Nowadays, most glaucoma treatment and management decisions are based on OCT, RNFL and visual field data, with artificial intelligence expected to supplement our progression detection capabilities in the future. In addition to these imaging modalities and future algorithms, checking for the presence of optic disc hemorrhage can provide information about a patient’s disease state and likelihood of progression.  

Several studies, including the Ocular Hypertension Treatment Study,1 the Early Manifest Glaucoma Trial,2 the Collaborative Normal-Tension Glaucoma Study3 and others4 confirm that patients with disc hemorrhages are at high risk for progression. It’s important to examine patients’ optic nerves, even if the patient has just come in for a quick pressure check.  

Disc hemorrhage is identified on examination of the optic nerve and/or on color fundus photographs. The OCT RNFL image doesn’t identify disc hemorrhage. It may take time—as much as a year or more—to identify changes in the visual field or OCT RNFL due to disc hemorrhage.5

Here, I’ll discuss how to proceed with a patient who has an optic disc hemorrhage. 
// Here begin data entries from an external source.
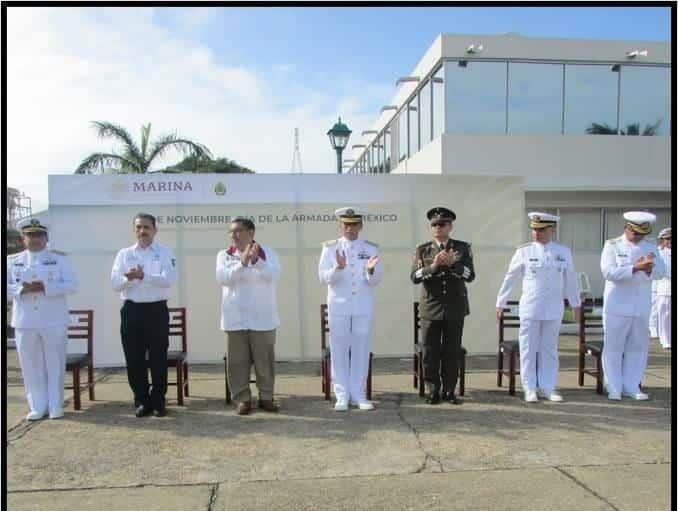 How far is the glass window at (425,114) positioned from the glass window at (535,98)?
182 centimetres

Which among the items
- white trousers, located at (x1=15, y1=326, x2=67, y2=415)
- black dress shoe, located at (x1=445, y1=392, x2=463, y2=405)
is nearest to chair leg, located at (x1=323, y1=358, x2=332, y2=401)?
black dress shoe, located at (x1=445, y1=392, x2=463, y2=405)

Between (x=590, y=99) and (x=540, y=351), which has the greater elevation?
(x=590, y=99)

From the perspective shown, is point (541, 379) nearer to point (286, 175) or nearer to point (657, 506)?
point (657, 506)

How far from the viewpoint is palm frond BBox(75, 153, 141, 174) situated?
49.5 ft

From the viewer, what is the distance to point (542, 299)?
576cm

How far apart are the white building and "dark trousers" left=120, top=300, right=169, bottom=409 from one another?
7.62 m

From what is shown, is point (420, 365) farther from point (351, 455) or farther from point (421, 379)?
point (351, 455)

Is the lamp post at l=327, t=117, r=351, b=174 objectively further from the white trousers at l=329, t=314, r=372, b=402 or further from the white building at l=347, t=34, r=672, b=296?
the white trousers at l=329, t=314, r=372, b=402

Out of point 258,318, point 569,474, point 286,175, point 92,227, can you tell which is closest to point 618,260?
point 569,474

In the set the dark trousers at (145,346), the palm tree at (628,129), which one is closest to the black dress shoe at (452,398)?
the dark trousers at (145,346)

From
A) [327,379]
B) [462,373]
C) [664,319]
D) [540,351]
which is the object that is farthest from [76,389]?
[664,319]

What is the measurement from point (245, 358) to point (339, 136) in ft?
16.5

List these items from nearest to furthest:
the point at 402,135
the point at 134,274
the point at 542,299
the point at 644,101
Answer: the point at 134,274
the point at 542,299
the point at 644,101
the point at 402,135

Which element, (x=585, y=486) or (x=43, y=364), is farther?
(x=43, y=364) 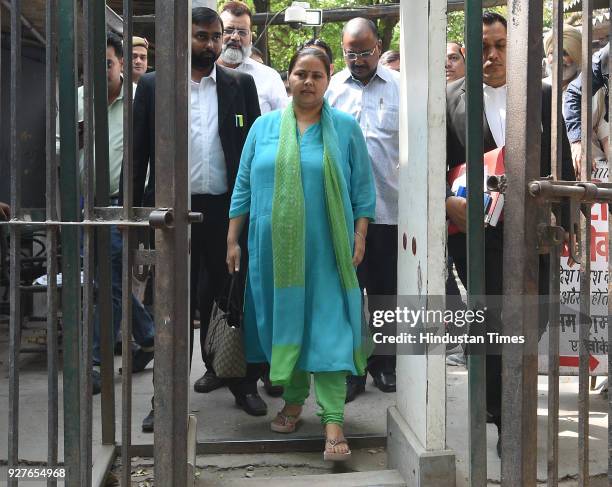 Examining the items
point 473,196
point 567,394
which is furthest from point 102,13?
point 567,394

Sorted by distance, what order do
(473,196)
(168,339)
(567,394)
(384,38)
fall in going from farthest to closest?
(384,38) < (567,394) < (473,196) < (168,339)

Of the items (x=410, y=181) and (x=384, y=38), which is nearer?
(x=410, y=181)

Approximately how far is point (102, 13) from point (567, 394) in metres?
3.53

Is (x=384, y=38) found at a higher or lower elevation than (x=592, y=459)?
higher

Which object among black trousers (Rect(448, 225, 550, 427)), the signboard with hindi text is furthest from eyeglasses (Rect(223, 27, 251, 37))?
black trousers (Rect(448, 225, 550, 427))

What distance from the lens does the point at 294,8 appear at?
10.7 metres

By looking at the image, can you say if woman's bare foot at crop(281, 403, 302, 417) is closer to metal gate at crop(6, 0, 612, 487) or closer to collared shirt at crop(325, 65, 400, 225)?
collared shirt at crop(325, 65, 400, 225)

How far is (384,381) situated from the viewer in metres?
5.17

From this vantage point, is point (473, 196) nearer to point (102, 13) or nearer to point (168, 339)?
point (168, 339)

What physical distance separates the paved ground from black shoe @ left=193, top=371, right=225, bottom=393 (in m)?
0.04

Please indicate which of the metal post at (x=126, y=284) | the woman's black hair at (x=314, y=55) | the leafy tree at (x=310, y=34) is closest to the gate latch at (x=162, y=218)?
the metal post at (x=126, y=284)

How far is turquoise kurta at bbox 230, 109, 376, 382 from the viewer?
4.05m

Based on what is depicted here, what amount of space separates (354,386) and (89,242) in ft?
8.65

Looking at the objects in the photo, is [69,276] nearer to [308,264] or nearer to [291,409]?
[308,264] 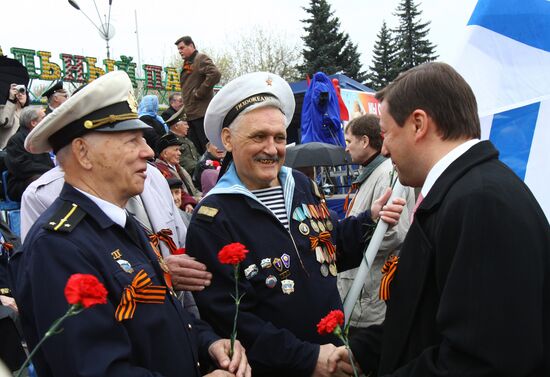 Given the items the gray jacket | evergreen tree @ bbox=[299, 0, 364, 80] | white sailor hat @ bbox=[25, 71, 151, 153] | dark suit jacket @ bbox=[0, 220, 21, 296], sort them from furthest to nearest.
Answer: evergreen tree @ bbox=[299, 0, 364, 80] < the gray jacket < dark suit jacket @ bbox=[0, 220, 21, 296] < white sailor hat @ bbox=[25, 71, 151, 153]

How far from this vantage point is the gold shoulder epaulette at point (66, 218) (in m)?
1.88

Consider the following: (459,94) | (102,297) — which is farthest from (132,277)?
(459,94)

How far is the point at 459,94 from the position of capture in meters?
1.86

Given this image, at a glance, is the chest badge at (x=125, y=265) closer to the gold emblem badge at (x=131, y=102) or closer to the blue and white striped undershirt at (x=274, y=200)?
the gold emblem badge at (x=131, y=102)

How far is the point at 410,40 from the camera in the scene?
46500 millimetres

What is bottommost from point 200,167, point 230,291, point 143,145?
point 200,167

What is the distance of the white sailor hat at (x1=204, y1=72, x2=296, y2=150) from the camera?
275 centimetres

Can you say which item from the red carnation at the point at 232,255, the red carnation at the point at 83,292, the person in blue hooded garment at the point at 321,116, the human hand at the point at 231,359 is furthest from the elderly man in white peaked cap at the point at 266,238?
the person in blue hooded garment at the point at 321,116

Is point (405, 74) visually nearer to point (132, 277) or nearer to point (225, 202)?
point (225, 202)

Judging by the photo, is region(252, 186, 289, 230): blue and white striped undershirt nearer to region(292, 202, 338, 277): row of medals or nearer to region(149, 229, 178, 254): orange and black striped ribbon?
region(292, 202, 338, 277): row of medals

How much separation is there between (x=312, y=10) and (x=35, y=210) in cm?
3727

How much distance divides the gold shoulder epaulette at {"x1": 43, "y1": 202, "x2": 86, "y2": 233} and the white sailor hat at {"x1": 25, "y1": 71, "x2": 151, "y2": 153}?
31cm

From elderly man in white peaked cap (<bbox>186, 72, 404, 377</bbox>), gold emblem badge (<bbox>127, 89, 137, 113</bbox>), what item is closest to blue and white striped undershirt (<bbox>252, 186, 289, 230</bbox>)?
elderly man in white peaked cap (<bbox>186, 72, 404, 377</bbox>)

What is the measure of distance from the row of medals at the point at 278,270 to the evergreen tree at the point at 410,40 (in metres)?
43.4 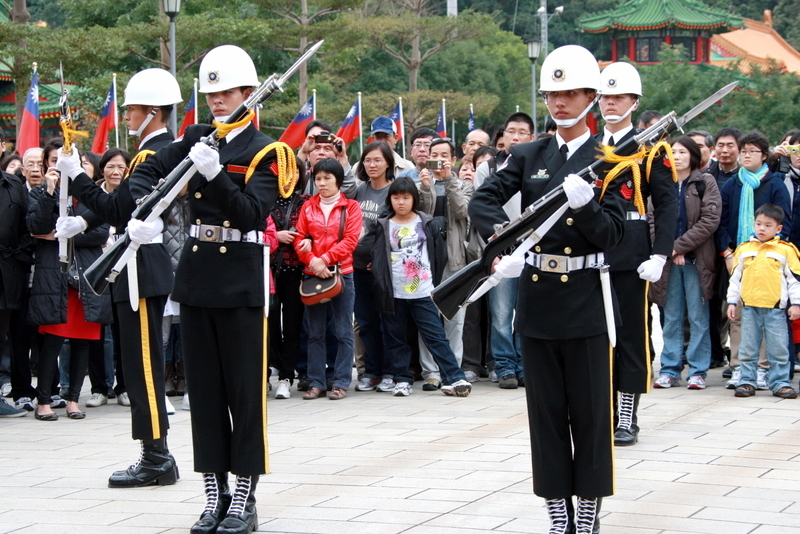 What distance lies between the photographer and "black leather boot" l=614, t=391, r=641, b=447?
6.23 meters

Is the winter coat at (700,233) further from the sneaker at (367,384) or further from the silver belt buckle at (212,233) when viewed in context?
the silver belt buckle at (212,233)

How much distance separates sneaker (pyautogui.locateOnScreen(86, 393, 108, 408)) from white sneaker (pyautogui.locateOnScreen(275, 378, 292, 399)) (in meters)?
1.29

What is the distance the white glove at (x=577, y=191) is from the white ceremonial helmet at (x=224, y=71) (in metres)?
1.48

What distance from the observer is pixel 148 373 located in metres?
5.41

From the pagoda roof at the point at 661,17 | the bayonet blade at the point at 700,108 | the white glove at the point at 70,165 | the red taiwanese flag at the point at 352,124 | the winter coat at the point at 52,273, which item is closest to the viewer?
the bayonet blade at the point at 700,108

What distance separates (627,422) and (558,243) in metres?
2.37

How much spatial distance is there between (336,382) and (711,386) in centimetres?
292

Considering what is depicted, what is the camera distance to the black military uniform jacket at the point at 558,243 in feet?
13.8

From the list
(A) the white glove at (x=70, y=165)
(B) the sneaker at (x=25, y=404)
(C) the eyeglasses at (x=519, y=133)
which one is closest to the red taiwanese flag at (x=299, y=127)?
(C) the eyeglasses at (x=519, y=133)

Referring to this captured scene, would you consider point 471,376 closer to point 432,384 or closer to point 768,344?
point 432,384

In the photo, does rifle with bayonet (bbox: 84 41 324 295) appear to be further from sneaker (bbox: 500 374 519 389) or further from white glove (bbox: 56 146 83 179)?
sneaker (bbox: 500 374 519 389)

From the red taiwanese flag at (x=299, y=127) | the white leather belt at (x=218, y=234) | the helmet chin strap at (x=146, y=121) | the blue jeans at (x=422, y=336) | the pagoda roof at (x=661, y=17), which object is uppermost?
the pagoda roof at (x=661, y=17)

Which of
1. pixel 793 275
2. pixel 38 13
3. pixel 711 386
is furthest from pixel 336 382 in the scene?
pixel 38 13

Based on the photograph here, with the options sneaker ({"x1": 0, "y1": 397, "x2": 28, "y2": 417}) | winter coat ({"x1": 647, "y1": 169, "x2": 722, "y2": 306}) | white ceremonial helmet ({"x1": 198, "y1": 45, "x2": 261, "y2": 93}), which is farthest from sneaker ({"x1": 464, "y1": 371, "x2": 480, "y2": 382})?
white ceremonial helmet ({"x1": 198, "y1": 45, "x2": 261, "y2": 93}) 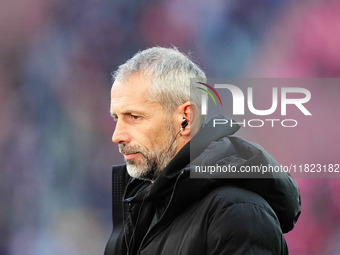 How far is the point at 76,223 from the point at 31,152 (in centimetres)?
56

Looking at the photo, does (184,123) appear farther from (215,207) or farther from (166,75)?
(215,207)

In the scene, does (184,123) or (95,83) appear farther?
(95,83)

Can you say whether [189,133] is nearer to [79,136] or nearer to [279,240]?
[279,240]

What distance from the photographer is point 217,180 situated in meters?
1.17

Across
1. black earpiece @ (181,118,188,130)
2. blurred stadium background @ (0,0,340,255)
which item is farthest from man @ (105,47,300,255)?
blurred stadium background @ (0,0,340,255)

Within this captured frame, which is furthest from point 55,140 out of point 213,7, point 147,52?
point 147,52

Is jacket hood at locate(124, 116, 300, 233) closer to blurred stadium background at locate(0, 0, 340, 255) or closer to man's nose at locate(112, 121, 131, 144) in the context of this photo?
man's nose at locate(112, 121, 131, 144)

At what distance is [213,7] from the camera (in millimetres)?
3795

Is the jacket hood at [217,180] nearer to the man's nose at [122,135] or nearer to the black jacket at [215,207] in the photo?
the black jacket at [215,207]

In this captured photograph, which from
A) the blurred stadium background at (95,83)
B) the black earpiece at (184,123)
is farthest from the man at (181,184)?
the blurred stadium background at (95,83)

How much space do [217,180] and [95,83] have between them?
2.71 m

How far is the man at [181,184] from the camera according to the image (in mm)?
1108

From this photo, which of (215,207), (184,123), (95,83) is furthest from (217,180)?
(95,83)

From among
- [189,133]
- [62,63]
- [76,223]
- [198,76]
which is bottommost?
[76,223] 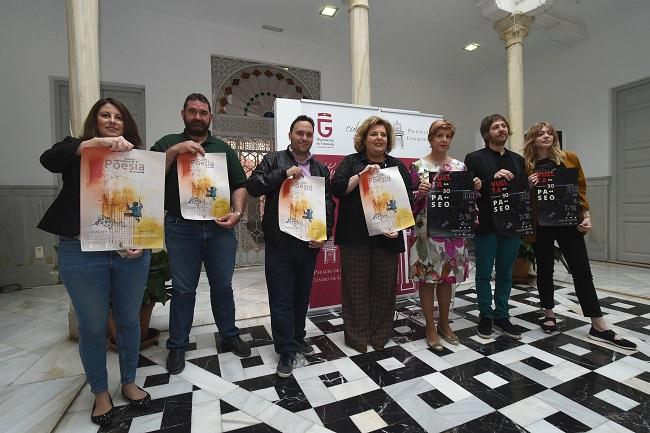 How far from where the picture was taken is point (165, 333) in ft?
9.05

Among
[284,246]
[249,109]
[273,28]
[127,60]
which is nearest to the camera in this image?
[284,246]

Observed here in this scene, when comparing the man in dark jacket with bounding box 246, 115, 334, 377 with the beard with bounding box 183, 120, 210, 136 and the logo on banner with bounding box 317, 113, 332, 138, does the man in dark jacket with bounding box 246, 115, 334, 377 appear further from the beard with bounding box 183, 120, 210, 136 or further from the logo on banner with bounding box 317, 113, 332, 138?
the logo on banner with bounding box 317, 113, 332, 138

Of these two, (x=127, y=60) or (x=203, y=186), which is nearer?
(x=203, y=186)

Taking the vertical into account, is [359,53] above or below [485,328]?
above

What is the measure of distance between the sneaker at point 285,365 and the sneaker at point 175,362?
584mm

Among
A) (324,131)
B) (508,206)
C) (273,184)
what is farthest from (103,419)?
(508,206)

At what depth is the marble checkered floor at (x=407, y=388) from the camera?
156cm

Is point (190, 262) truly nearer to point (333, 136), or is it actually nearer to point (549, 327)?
point (333, 136)

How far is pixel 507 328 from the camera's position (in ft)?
8.17

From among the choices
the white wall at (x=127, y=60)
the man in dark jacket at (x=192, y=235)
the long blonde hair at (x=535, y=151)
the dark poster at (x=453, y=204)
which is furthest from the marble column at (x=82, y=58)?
the long blonde hair at (x=535, y=151)

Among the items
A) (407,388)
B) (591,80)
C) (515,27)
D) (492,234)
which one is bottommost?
(407,388)

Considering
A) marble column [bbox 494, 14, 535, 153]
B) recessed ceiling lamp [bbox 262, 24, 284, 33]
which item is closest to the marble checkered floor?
marble column [bbox 494, 14, 535, 153]

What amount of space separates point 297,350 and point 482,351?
122 cm

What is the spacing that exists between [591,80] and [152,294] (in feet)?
22.8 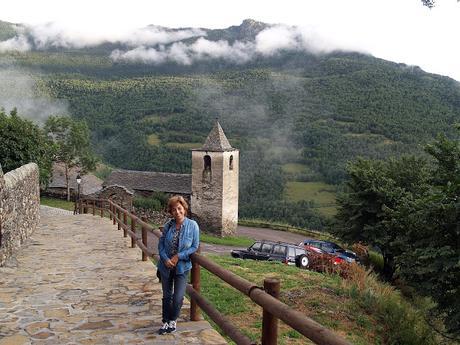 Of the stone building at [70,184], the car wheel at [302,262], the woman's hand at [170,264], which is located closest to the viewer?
the woman's hand at [170,264]

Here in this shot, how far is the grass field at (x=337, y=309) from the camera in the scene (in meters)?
7.73

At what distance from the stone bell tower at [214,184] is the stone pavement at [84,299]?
100 feet

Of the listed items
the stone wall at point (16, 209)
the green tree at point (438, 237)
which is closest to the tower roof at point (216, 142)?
the green tree at point (438, 237)

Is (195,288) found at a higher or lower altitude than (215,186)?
higher

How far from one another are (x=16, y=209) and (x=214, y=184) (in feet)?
104

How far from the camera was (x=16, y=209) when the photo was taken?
1095 cm

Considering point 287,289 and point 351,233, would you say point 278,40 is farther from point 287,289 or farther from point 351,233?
point 287,289

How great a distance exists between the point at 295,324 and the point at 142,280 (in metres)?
5.13

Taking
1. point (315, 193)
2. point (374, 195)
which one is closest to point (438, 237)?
point (374, 195)

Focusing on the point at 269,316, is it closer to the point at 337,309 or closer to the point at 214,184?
the point at 337,309

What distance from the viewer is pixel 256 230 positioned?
47094 mm

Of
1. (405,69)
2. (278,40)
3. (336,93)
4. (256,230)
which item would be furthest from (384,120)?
(278,40)

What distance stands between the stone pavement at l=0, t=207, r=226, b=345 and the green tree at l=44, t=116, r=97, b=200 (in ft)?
103

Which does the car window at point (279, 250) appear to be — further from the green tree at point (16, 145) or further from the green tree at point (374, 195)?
the green tree at point (16, 145) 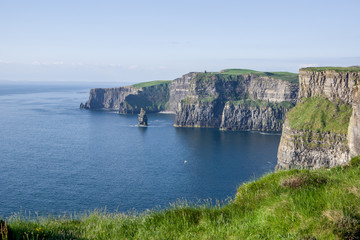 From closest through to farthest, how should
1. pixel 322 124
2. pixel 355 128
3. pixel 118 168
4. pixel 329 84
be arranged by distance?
1. pixel 355 128
2. pixel 118 168
3. pixel 322 124
4. pixel 329 84

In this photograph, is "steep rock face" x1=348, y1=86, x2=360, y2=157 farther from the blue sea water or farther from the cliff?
the blue sea water

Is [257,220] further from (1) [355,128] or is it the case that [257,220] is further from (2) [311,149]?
(2) [311,149]

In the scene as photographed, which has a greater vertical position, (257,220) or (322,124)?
(257,220)

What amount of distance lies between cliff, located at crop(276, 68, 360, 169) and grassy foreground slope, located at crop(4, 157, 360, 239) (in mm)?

Figure 1. A disc hemorrhage in resorption (Case #1). 


What To Do 

Optic disc hemorrhages are transitory and not every patient with a disc hemorrhage will progress, but it’s an important warning sign that shouldn’t be missed. The blood itself isn’t as concerning as the underlying cause. When a patient presents with a disc hemorrhage, there are three things we must do:  

1. Check if the IOP is within target range and assess fluctuation and compliance. Is the IOP consistently controlled? The pressures we measure in the office might not capture fluctuations in pressure that happen at other times of day and night, and it’s not uncommon for patients to have poor compliance with their medications.   

If one has access to at-home pressure monitoring tools such as the Triggerfish contact lens or iCare Home tonometer, these can provide a general idea of how stable the pressures are. One approach I like is checking the patient’s intraocular pressure in a supine position. When patients are supine, their pressures are usually higher.6  

2. Follow the area carefully. After a disc hemorrhage, monitor patients using alternating 10-2 and 24-2 visual fields and RNFL/retinal ganglion cell OCT. Follow the patient every three months or so and watch the areas where the disc hemorrhage occurred to ensure the patient isn’t going to develop further progression in that area. It’s key to use the 10-2 visual field to avoid missing early defects or small changes in the central visual field. If vision is poor, a size-five stimulus must be used. 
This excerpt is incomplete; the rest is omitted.